Exercise goal> Return the lines below exactly, please, from the one containing "Cheryl Font - Preview 5" through the last one, both included, and leave out any pictures.

(Entries taken from a collection)
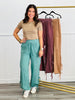 Side Slit Bow Tie Harem Pants (Reg.)-3 Colors
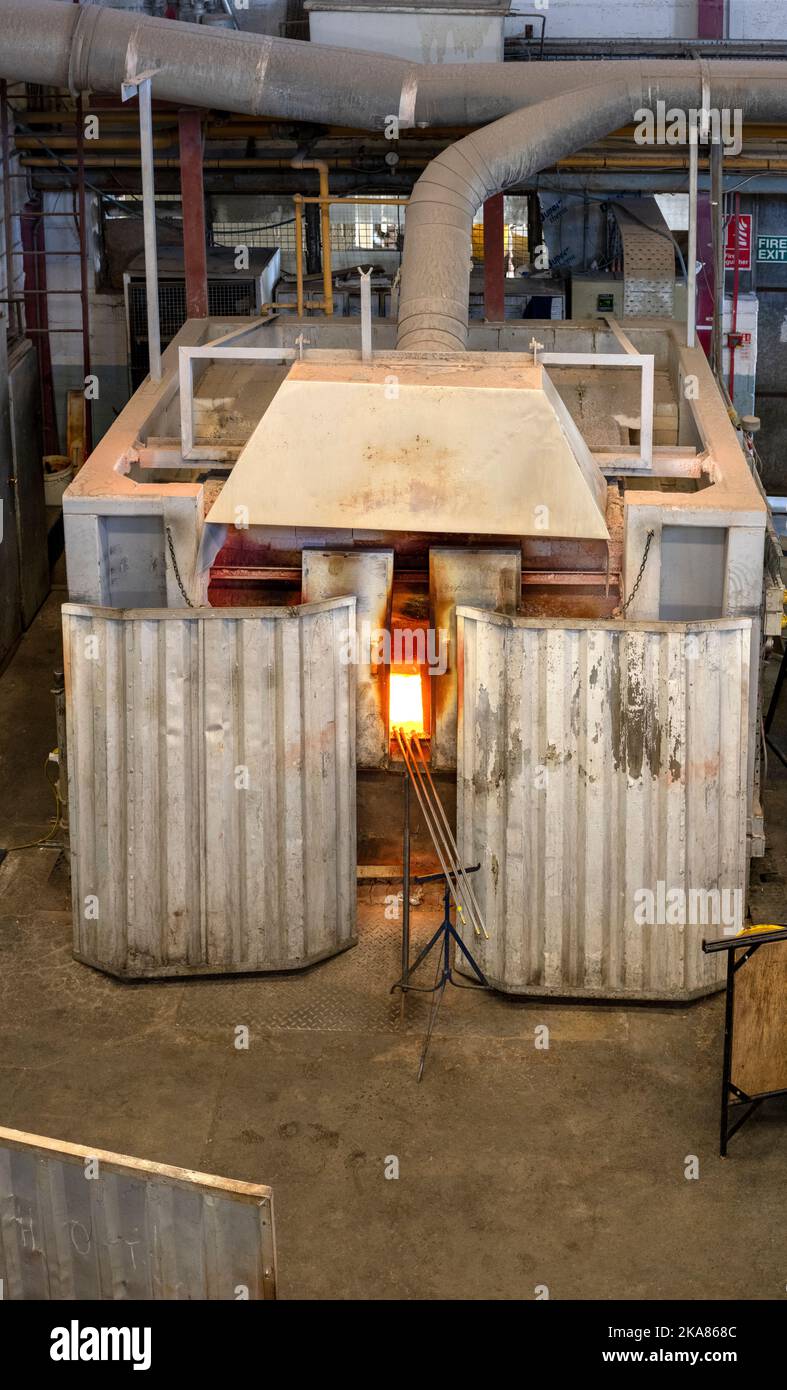 Dartington Crystal Factory, Great Torridge, Devon, Großbritannien Stockfoto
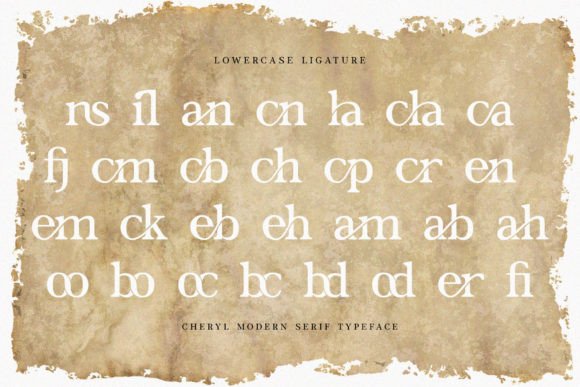 Cheryl Font - Preview 5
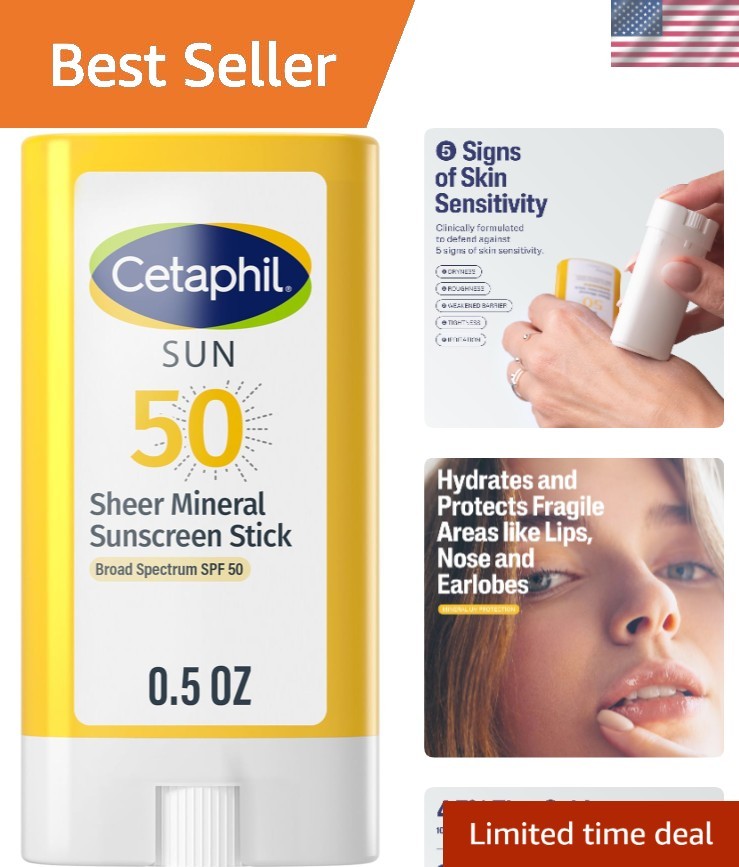 Reef Safe Mineral Sunscreen Stick SPF 50 Hydrating Fragrance-Free 0.5oz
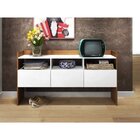 Conjunto Rack Para Tv Até 48 Polegadas 1 Porta E Aparador 3 P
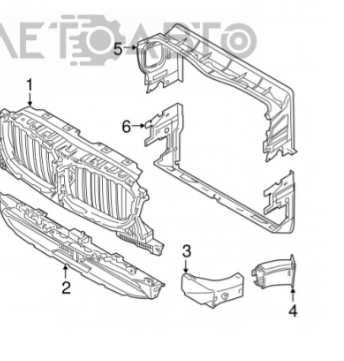 Повітропровід гальмівного диска BMW X3 G01 51747400003 51747400005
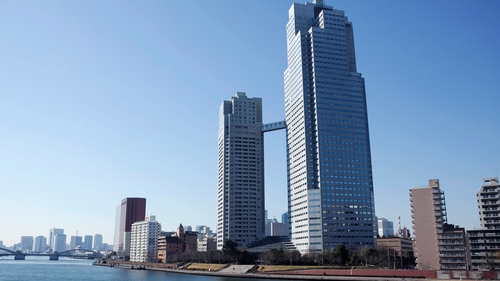 銀座クレストン(旧東京新阪急ホテル) 施設全景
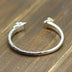 Men's Sterling Silver Buddha and Devil Cuff Bracelet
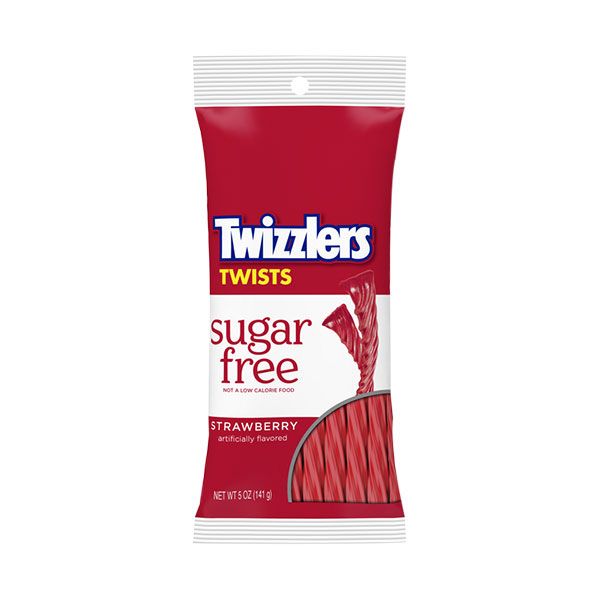 Twizzlers Peg Bag Sugar Free Strawberry 141g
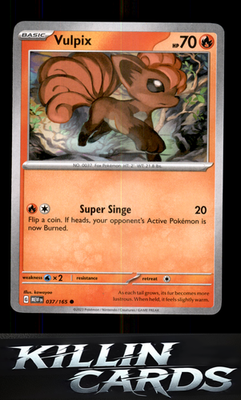 Vulpix 037/165 Pokemon Common SV: Scarlet & Violet 151 Card NM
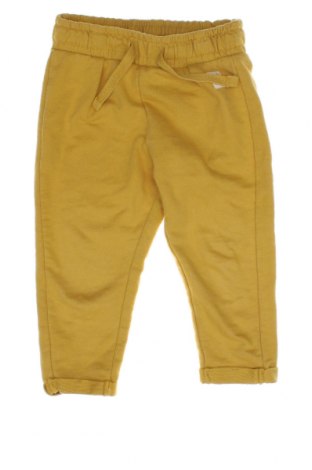 Pantaloni de trening, pentru copii Mango, Mărime 12-18m/ 80-86 cm, Culoare Galben, Preț 53,61 Lei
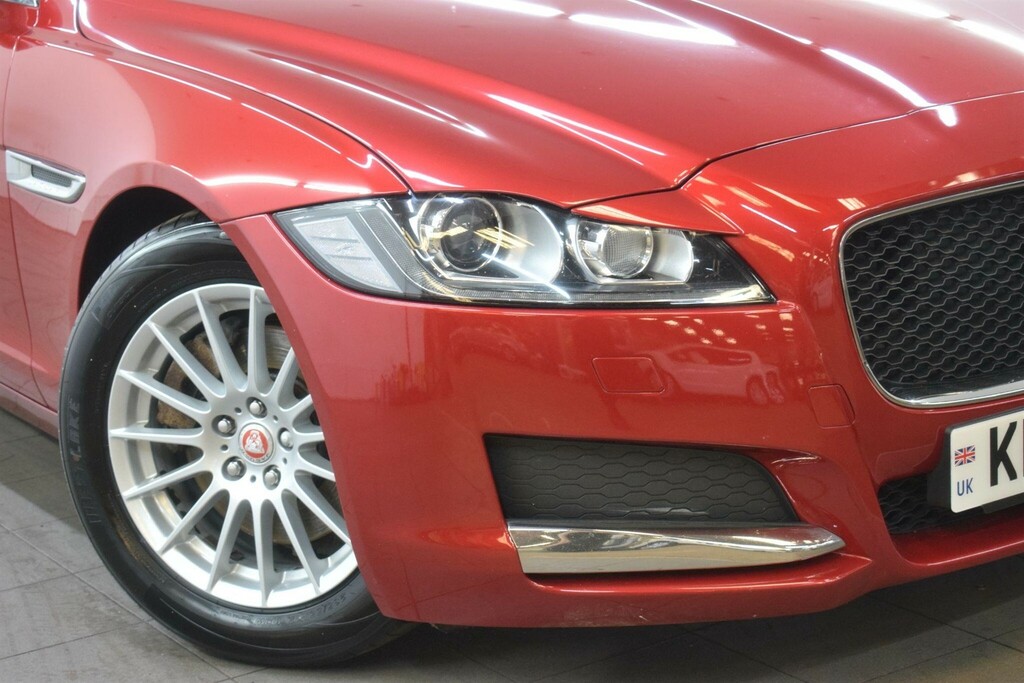 Jaguar XF 2.0D Prestige Euro 6 Ss KE65YWX Red #6
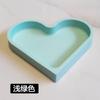 Bandeja de Frutas Secas de Silicone Processada e Personalizada, Mesa de Centro para Sala de Estar, Bandeja de Armazenamento de Lanches e Doces em Formato de Coração, Caixa de Joias de Trevo de Quatro Folhas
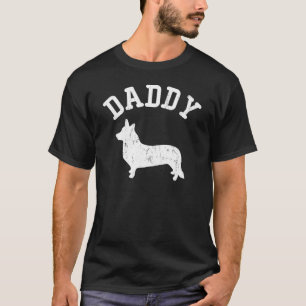 Camiseta Pai Welsh Corgi Cardigan Vintage Ideias Para Pai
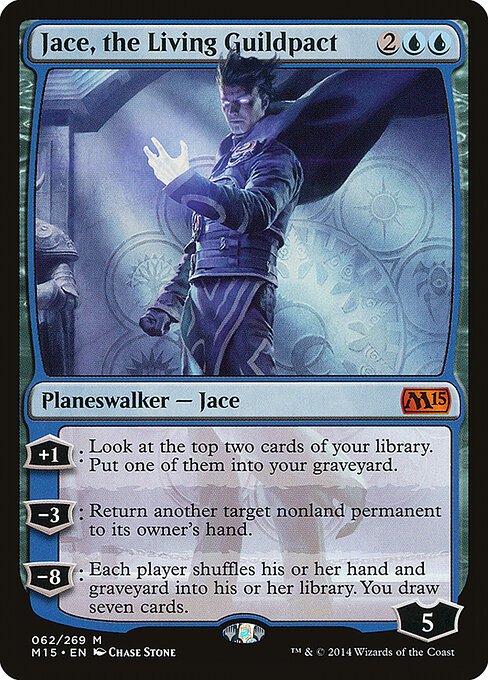 Jace, the Living Guildpact - Magic 2015 Magic card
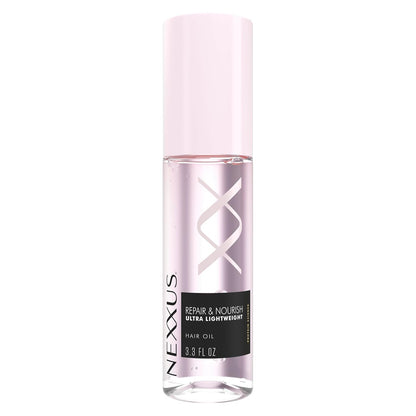 Nexxus Aceite para el cabello ultraligero para reparar y nutrir para una nutrición intensa con tecnología StyleProtect y aceite de rosa de Jericó, 3.3 onzas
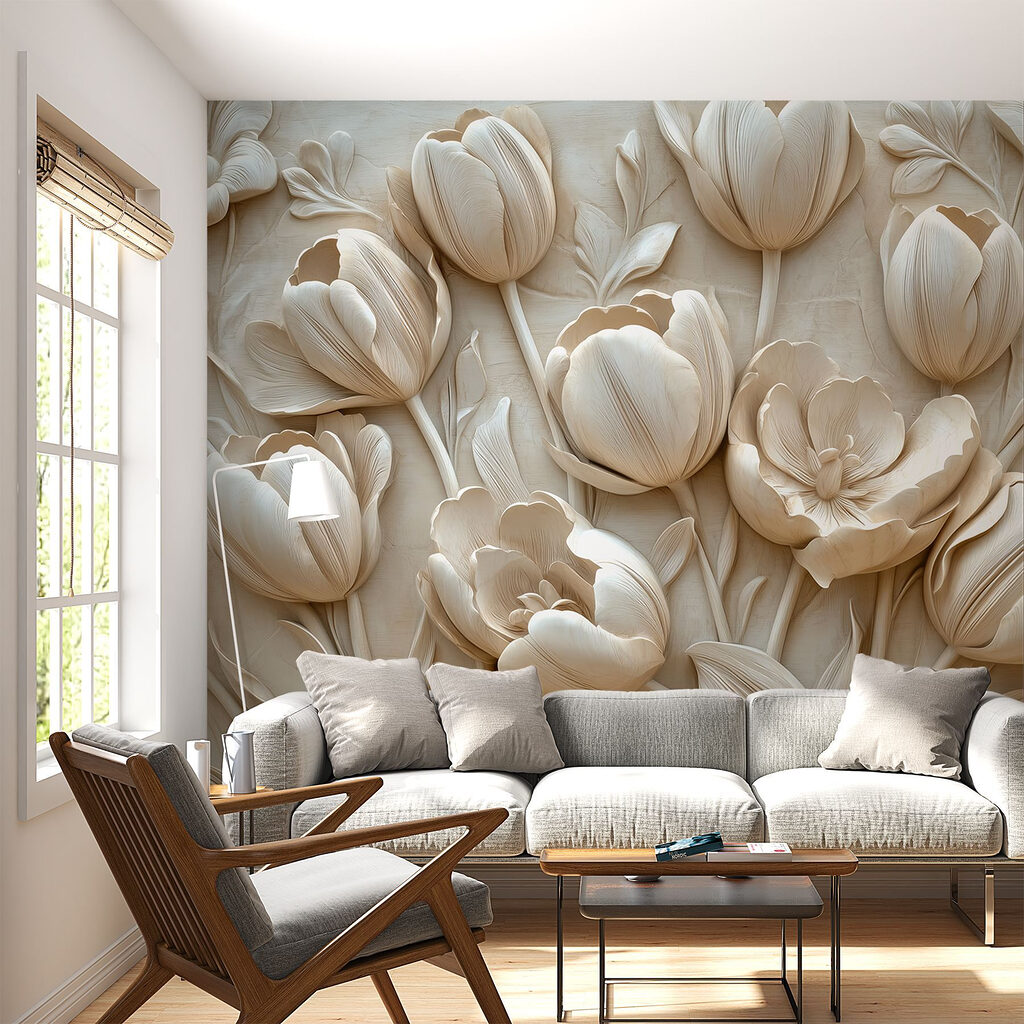Tulipas em relevo — interior 4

Result>
 Cheryl Font - Preview 5
 Reef Safe Mineral Sunscreen Stick SPF 50 Hydrating Fragrance-Free 0.5oz
 Conjunto Rack Para Tv Até 48 Polegadas 1 Porta E Aparador 3 P
 Повітропровід гальмівного диска BMW X3 G01 51747400003 51747400005
 銀座クレストン(旧東京新阪急ホテル) 施設全景
 Men's Sterling Silver Buddha and Devil Cuff Bracelet
 Twizzlers Peg Bag Sugar Free Strawberry 141g
 Vulpix 037/165 Pokemon Common SV: Scarlet & Violet 151 Card NM
 Pantaloni de trening, pentru copii Mango, Mărime 12-18m/ 80-86 cm, Culoare Galben, Preț 53,61 Lei
 Jaguar XF 2.0D Prestige Euro 6 Ss KE65YWX Red #6
 Bandeja de Frutas Secas de Silicone Processada e Personalizada, Mesa de Centro para Sala de Estar, Bandeja de Armazenamento de Lanches e Doces em Formato de Coração, Caixa de Joias de Trevo de Quatro Folhas
 Camiseta Pai Welsh Corgi Cardigan Vintage Ideias Para Pai
 Jace, the Living Guildpact - Magic 2015 Magic card
 Nexxus Aceite para el cabello ultraligero para reparar y nutrir para una nutrición intensa con tecnología StyleProtect y aceite de rosa de Jericó, 3.3 onzas
Tulipas em relevo — interior 4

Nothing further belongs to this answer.